Relative to men, women were more interested in receiving advice around illiquid assets as part of legacy planning, according to a UBS report on female wealth owners. 

When undergoing legacy planning, females prefer to receive advice around illiquid investments more than males, according to a UBS report titled «Women and Investing», at 61 percent compared to 50 percent, respectively.  

UBS noted that illiquidity did «not seem to be a prohibitive factor for women investors», citing research that suggests real estate is one of women's preferred asset classes. 
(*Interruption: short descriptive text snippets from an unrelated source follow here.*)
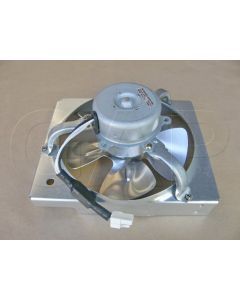 1446680 MOTOR FAN & SHRD ASSY W/TERM
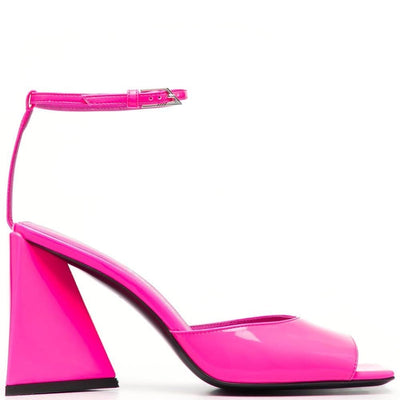 The Attico Piper sandal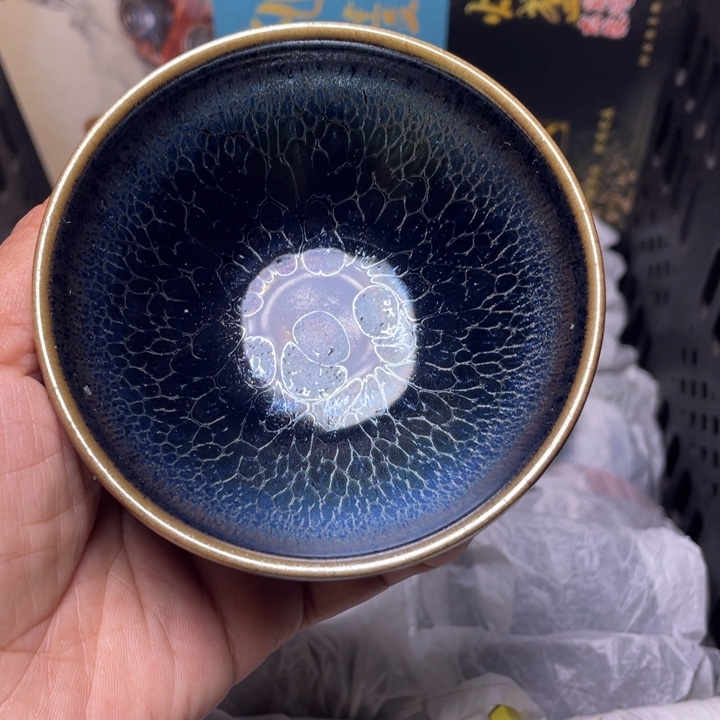 茶盏你自己也照顾一下好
«The appeal of real estate investments to women can perhaps be attributed to its tangibility which makes an investment appear less risky either because of the greater familiarity and perceived understanding of the investment or because of the greater perceived permanence of tangible assets,» the report said. 

Physical Versus REIT

A noteworthy example of this difference can be seen through the types of real estate investments.

According to the report, men are «much more likely to list real estate investment trusts as their primary real estate investing method, while women are more likely to favor rental property» with data showing a narrowing gender buy-to-let gap.

«However, it is important to note that direct real estate investments hold idiosyncratic risk and may not offer the best diversification. It is therefore important that women make these investment decisions within the context of their legacy portfolio,» UBS added.

Inheritance Plans

Of the key findings in the report, the largest difference by percentage points is related to inheritance and tax planning.

55 percent of women said they intend to leave an inheritance but do not have any plans in place and 37 of women said they do not understand the rules around inheritance tax. Men claim to have better knowledge of both at 41 percent and 25 percent, respectively.